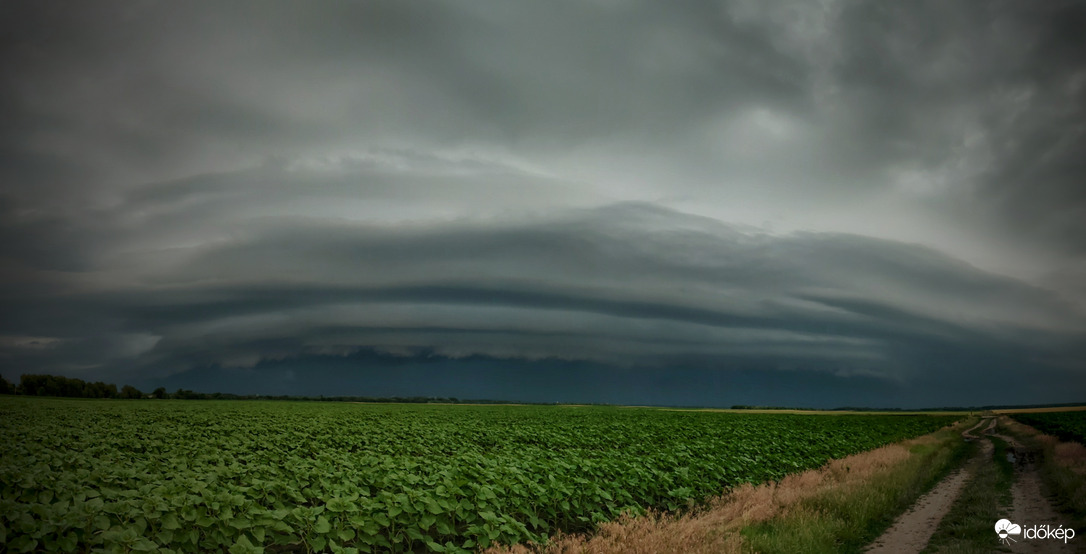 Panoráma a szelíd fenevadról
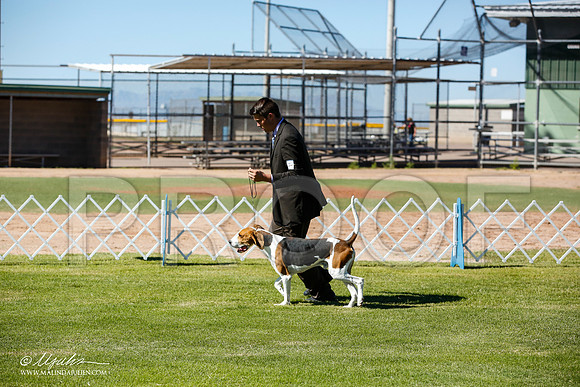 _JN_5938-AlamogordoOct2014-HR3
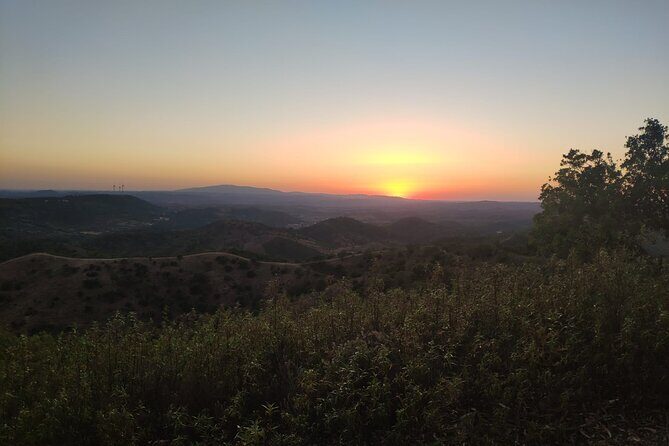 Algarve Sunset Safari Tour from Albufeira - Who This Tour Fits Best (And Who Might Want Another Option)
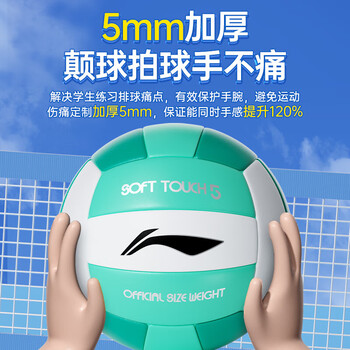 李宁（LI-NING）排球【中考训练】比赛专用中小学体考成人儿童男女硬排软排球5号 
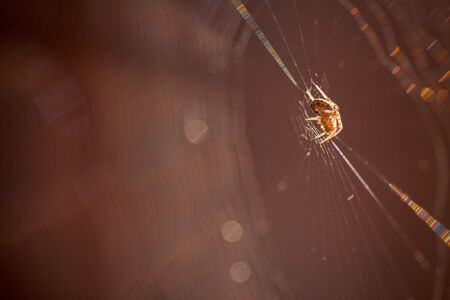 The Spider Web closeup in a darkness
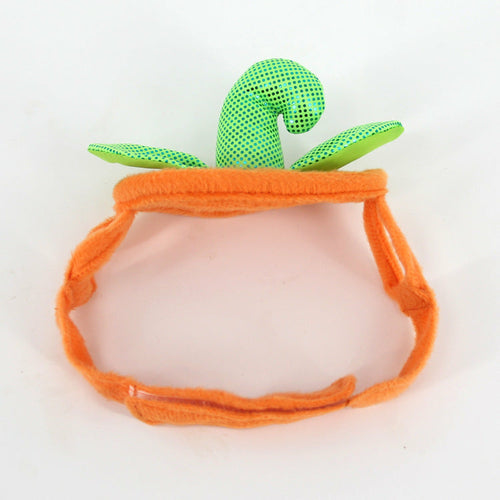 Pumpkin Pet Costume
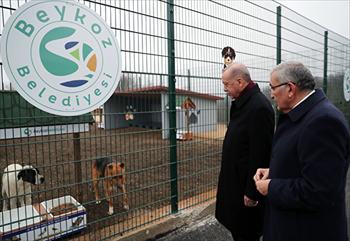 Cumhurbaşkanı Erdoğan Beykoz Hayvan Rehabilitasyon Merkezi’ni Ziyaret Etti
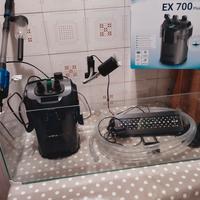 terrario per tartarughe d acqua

*-*-*

● Work instruction: What you return must be the entries above, exactly as they appear, without any pictures.

● Exercise response:
 Panoráma a szelíd fenevadról
 _JN_5938-AlamogordoOct2014-HR3
 Algarve Sunset Safari Tour from Albufeira - Who This Tour Fits Best (And Who Might Want Another Option)
 李宁（LI-NING）排球【中考训练】比赛专用中小学体考成人儿童男女硬排软排球5号 
 The Spider Web closeup in a darkness
 Pumpkin Pet Costume
 Cumhurbaşkanı Erdoğan Beykoz Hayvan Rehabilitasyon Merkezi’ni Ziyaret Etti
 terrario per tartarughe d acqua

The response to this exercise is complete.